CITY Hall has said it is committed to delivering a Northern Ring Road to the city amid claims from councillors that traffic on the northside of the city is unsustainable.
Cork City Council director of roads Gerry O’Beirne said the project has been included in all of the city council’s capital cost applications and a portion of it is included in the N28 Dunkettle interchange redevelopment.
However, with original plans for the infrastructure development now 15 years old, the M20 Cork to Limerick motorway planning stages progressing and a number of large-scale housing developments planned for the northside of the city, calls are growing for Government funding to be allocated to the project.
The estimated €500m Northern Ring Road is not included in the Government’s 2040 Project Ireland capital plan.
Councillor Thomas Gould (SF) said highly residential areas on the northside of the city are struggling to cope with the levels of heavy goods vehicles and traffic coming through them.
He has warned that a serious accident is only a matter of time away and has urged Cork City Council to up the pressure on the Government to deliver the project.
“What is Cork City Council doing to drive on the Northern Ring Road in terms of capital projects because there are articulated trucks flying up and down Cathedral Road, Sun Valley Drive, Popham’s Hill and all the different arteries going into the northside and somebody is going to be hurt. You are looking at vehicles that shouldn’t be going into residential areas right across the northside,” he added.
New Cork Chamber president Paula Cogan said the Government’s commitment to infrastructure delivery is an “area of concern” for the business community in the city.
She has warned that heavy goods vehicles need to be taken out of the city’s arteries and the M20 and Northern Ring Road are vital to achieving this.
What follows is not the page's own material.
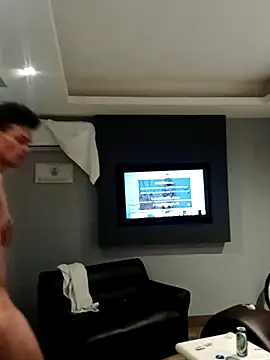 tikalyon online show from 01-10-26, 10:05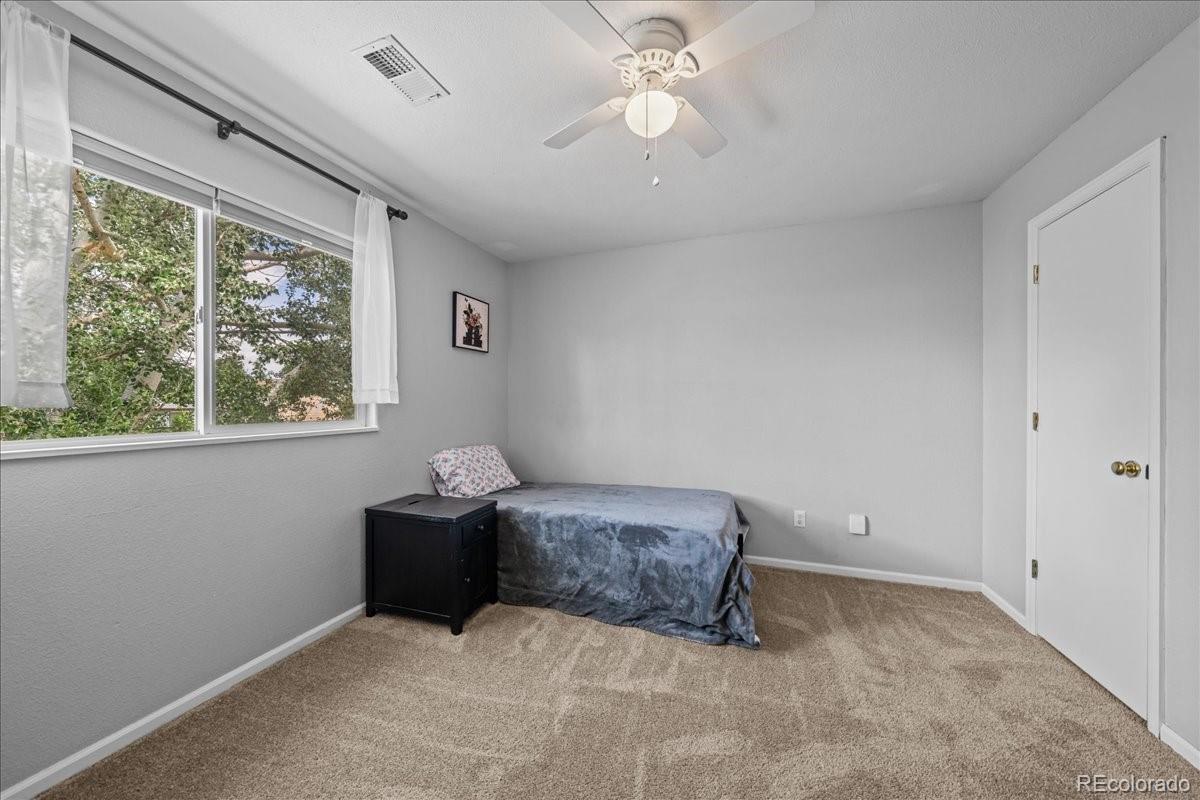 MLS Image #19 for 549  sherri drive,loveland, Colorado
“We need a laser-sharp delivery focus from Government in 2019 or our reputation for infrastructural delivery among the global and local business community will be on the line. Every state agency, civil servant and policy document must acknowledge the specific role of Cork in Ireland 2040.
"Cork Chamber champions sustainable transport, renewable energy, density, infrastructure and placemaking. This is why our members prioritise sustainable transport and accommodation. If our City region is anything short of exemplary in these fields, then we have failed the next generation of investors, innovators, entrepreneurs and influencers. A City region that stagnates very quickly becomes an irrelevance,” Ms Cogan added.